Wie mag das auf der Bühne ausgesehen haben? Das ist schwer vorstellbar, denn in dieser DVD-Version lebt Edouard Locks „Amelia“ ganz von dem ungewöhnlichen Dekor (Lock), der mobilen Kameraführung (Director of Photography: André Turpin) und dem Beleuchtungsdesign – hinzu kommen die Musik von David Lang (Cello, Violine und Klavier, dazu Nadine Medawar als Vokalistin der Lyrics von Lou Reed) – und natürlich die zehn Tänzer der kanadischen La La La Human Steps Kompanie, die Männer in locker sitzenden Anzügen, die Frauen in Trikots und alle auf Spitze.
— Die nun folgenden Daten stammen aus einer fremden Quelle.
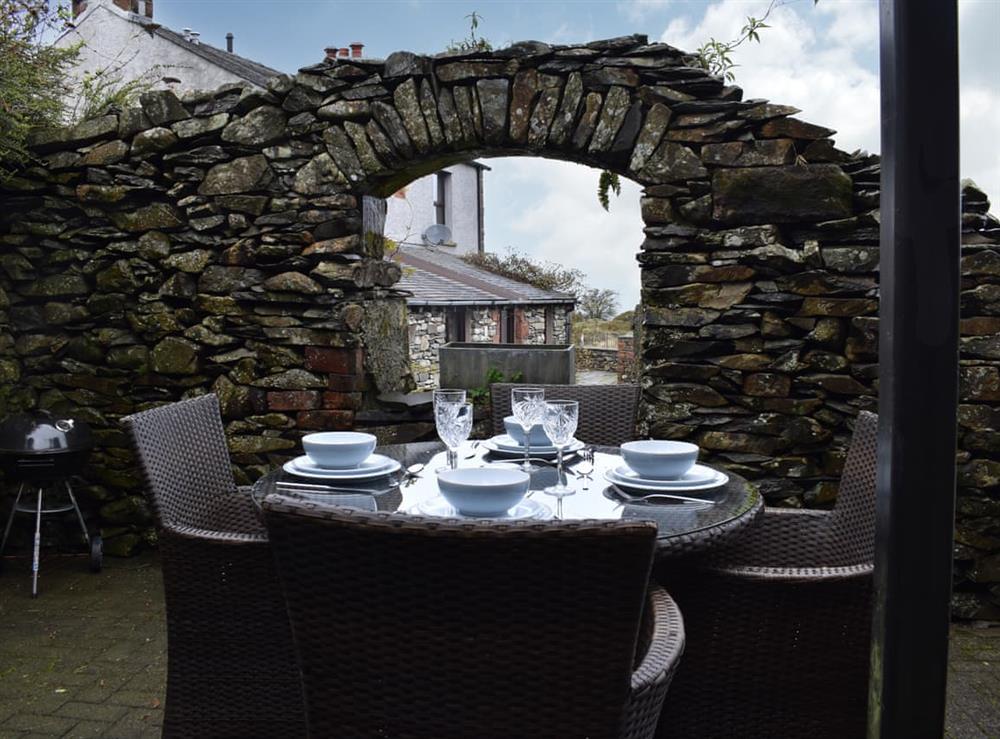 Patio (photo 2) at Yan Cottage in Broughton Beck, Cumbria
Der Titel „Amelia“ ist so rätselhaft wie das tänzerische Geschehen – es handelt sich um einen Film über Tanz ohne Handlung, meist zu zweit, nur selten mit mehr Beteiligten, die sich zu Gruppenarrangements zusammenfinden, neoklassisch, mit den für Lock charakteristischen beschleunigten, in rasantem Tempo abgespulten Motionen, die Arme flatternd-peitschend als wild gewordene, sich verselbständigende Energien. Das Ganze in einer hölzernen Box wie eine nach vorn und oben offene Schale, das heißt mit Wänden, die ohne Ecken und Türen gekurvt in den Boden übergehen. Das ist sehr elegant und sehr cool und bietet der Kamera jede Möglichkeit für ständig sich ändernde Perspektiven, am aufregendsten von hoch oben auf die Tänzer herabfahrend, aber auch für Schatten und Lichtwechsel, so dass der Raum zu atmen scheint. Raum und Kamera tanzen mit, und die Tänzer absolvieren ihre mit Dynamit aufgeladenen Motionen wie aus der Pistole geschossen, sie fliegen aufeinander zu.

Das ist tänzerische Hochleistungsartistik in einer akustischen Kulisse aus Minimal-Ostinati und Song-Vokalisen, deren Texte weitgehend unverständlich sind, die aber etwas Beschwörendes, einen rituellen Charakter haben. Was ist das? In einer amerikanischen Kritik ist von „Lock‘s cyber-marionettes“ die Rede. Eine choreografische Installation in einem Designer-Environment? Sehr schick, ganz ohne Emotionen, sehr motorisch – sozusagen im Neo-Bauhaus-Look. Oscar Schlemmer wäre sicher fasziniert. Meine Faszination hielt sich in Grenzen und war bald erschöpft. Ich kann mir nicht vorstellen, dass man sich das öfter ansieht. Die zweite Disc ist „25 years La La Human Steps“ betitelt und bietet Fact sheets und eine Foto-Galerie der Lock-Produktionen von „Lily Marlène in the Jungle“, „Oranges“, „Businessman in the process of Becoming an Angel“, „Human Sex“ und „Amelia“. 2 DVDs, 59´24 und 35´02, auf Opus Arte O 0945 D.